SUPPLIED INFORMATION:

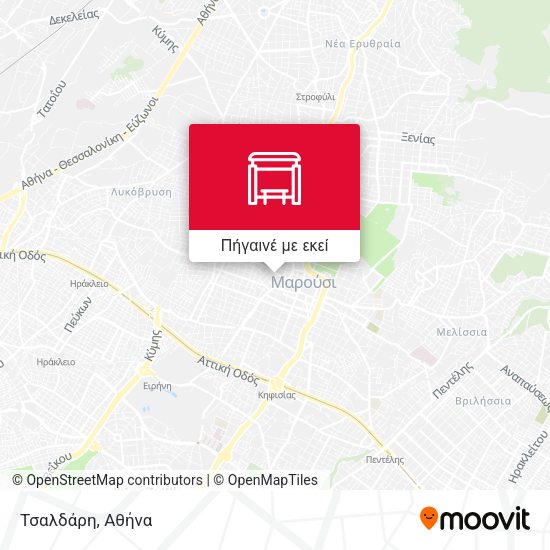 Τσαλδάρη χάρτης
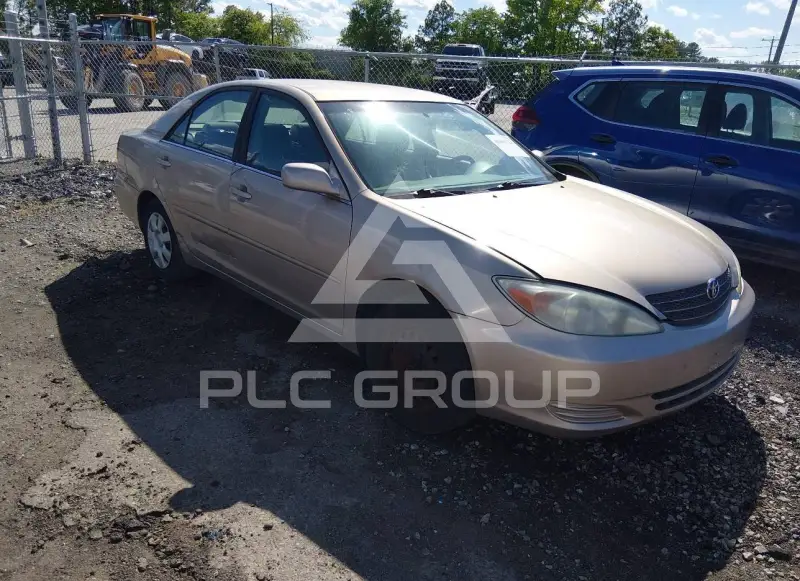 2002 Toyota CAMRY фото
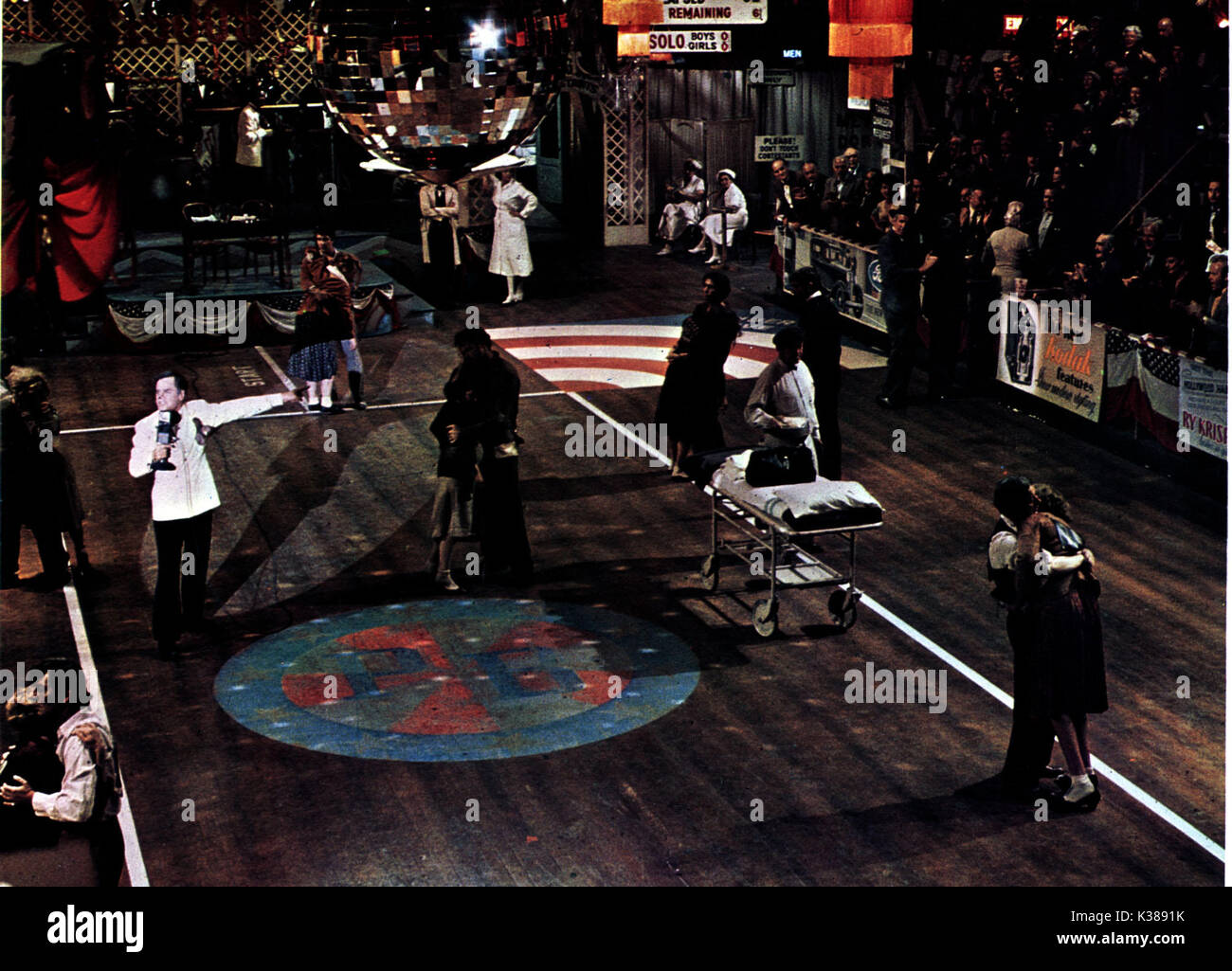 THEY SHOOT HORSES, DON'T THEY? [US 1969] A PALOMAR PICTURE Date: 1969 Stock Photo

WORK REQUIRED:
Set down the data above exactly as written. Omit the pictures.

ANSWER TO THIS EXERCISE:
 Τσαλδάρη χάρτης
 2002 Toyota CAMRY фото
 THEY SHOOT HORSES, DON'T THEY? [US 1969] A PALOMAR PICTURE Date: 1969 Stock Photo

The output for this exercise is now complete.